Signed-off-by: Ganesh Vernekar <ganesh.vernekar@reddit.com>
2025-08-15 18:46:12 -07:00 · 2025-08-15 18:46:12 -07:00 · 3b79fb207e
parent fe9adb0a98
commit 3b79fb207e
4 changed files with 123 additions and 17 deletions
--- a/tsdb/db.go
+++ b/tsdb/db.go
@ -44,7 +44,6 @@ import (
 	tsdb_errors "github.com/prometheus/prometheus/tsdb/errors"
 	"github.com/prometheus/prometheus/tsdb/fileutil"
 	_ "github.com/prometheus/prometheus/tsdb/goversion" // Load the package into main to make sure minimum Go version is met.
-	"github.com/prometheus/prometheus/tsdb/index"
 	"github.com/prometheus/prometheus/tsdb/tsdbutil"
 	"github.com/prometheus/prometheus/tsdb/wlog"
 	"github.com/prometheus/prometheus/util/compression"
@ -1574,7 +1573,9 @@ func (db *DB) CompactStaleHead() error {
 		}
 	}

-	db.head.truncateStaleSeries(index.NewListPostings(staleSeriesRefs), maxt)
+	if err := db.head.truncateStaleSeries(staleSeriesRefs, maxt); err != nil {
+		return fmt.Errorf("head truncate: %w", err)
+	}
 	db.head.RebuildSymbolTable(db.logger)

 	db.logger.Info("Ending stale series compaction")
--- a/tsdb/db_test.go
+++ b/tsdb/db_test.go
@ -9673,7 +9673,9 @@ func TestStaleSeriesCompaction(t *testing.T) {
 	nonFirstFH.CounterResetHint = histogram.NotCounterReset

 	// Verify head block.
-	{
+	verifyHeadBlock := func() {
+		require.Equal(t, uint64(3), db.head.NumSeries())
+		require.Equal(t, uint64(0), db.head.NumStaleSeries())

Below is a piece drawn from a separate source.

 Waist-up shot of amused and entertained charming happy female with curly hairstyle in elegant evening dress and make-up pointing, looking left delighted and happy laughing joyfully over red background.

 		expHeadQuery := make(map[string][]chunks.Sample)
 		for i := 0; i < numSeriesPerCategory; i++ {
@ -9697,6 +9699,8 @@ func TestStaleSeriesCompaction(t *testing.T) {
 		require.Equal(t, expHeadQuery, seriesSet)
 	}

+	verifyHeadBlock()
+
 	// Verify blocks from stale series.
 	{
 		expBlockQuery := make(map[string][]chunks.Sample)
@ -9769,4 +9773,14 @@ func TestStaleSeriesCompaction(t *testing.T) {
 			}
 		}
 	}
+
+	{
+		// Restart DB and verify that stale series were discarded from WAL replay.
+		require.NoError(t, db.Close())
+		var err error
+		db, err = Open(db.Dir(), db.logger, db.registerer, db.opts, nil)
+		require.NoError(t, err)
+
+		verifyHeadBlock()
+	}
 }
--- a/tsdb/head.go
+++ b/tsdb/head.go
@ -1198,18 +1198,33 @@ func (h *Head) truncateMemory(mint int64) (err error) {
 	return h.truncateSeriesAndChunkDiskMapper("truncateMemory")
 }

-func (h *Head) truncateStaleSeries(p index.Postings, maxt int64) {
+func (h *Head) truncateStaleSeries(seriesRefs []storage.SeriesRef, maxt int64) error {
 	h.chunkSnapshotMtx.Lock()
 	defer h.chunkSnapshotMtx.Unlock()

-	if h.MinTime() >= maxt {
-		return
+	// Record these stale series refs in the WAL so that we can ignore them during replay.
+	if h.wal != nil {
+		stones := make([]tombstones.Stone, 0, len(seriesRefs))
+		for _, ref := range seriesRefs {
+			stones = append(stones, tombstones.Stone{
+				Ref:       ref,
+				Intervals: tombstones.Intervals{{Mint: math.MinInt64, Maxt: math.MaxInt64}},
+			})
+		}
+		var enc record.Encoder
+		if err := h.wal.Log(enc.Tombstones(stones, nil)); err != nil {
+			return err
+		}
+	}
+
+	if h.MinTime() >= maxt {
+		return nil
 	}

-	// TODO: this will block all queries. See if we can do better.
 	h.WaitForPendingReadersInTimeRange(h.MinTime(), maxt)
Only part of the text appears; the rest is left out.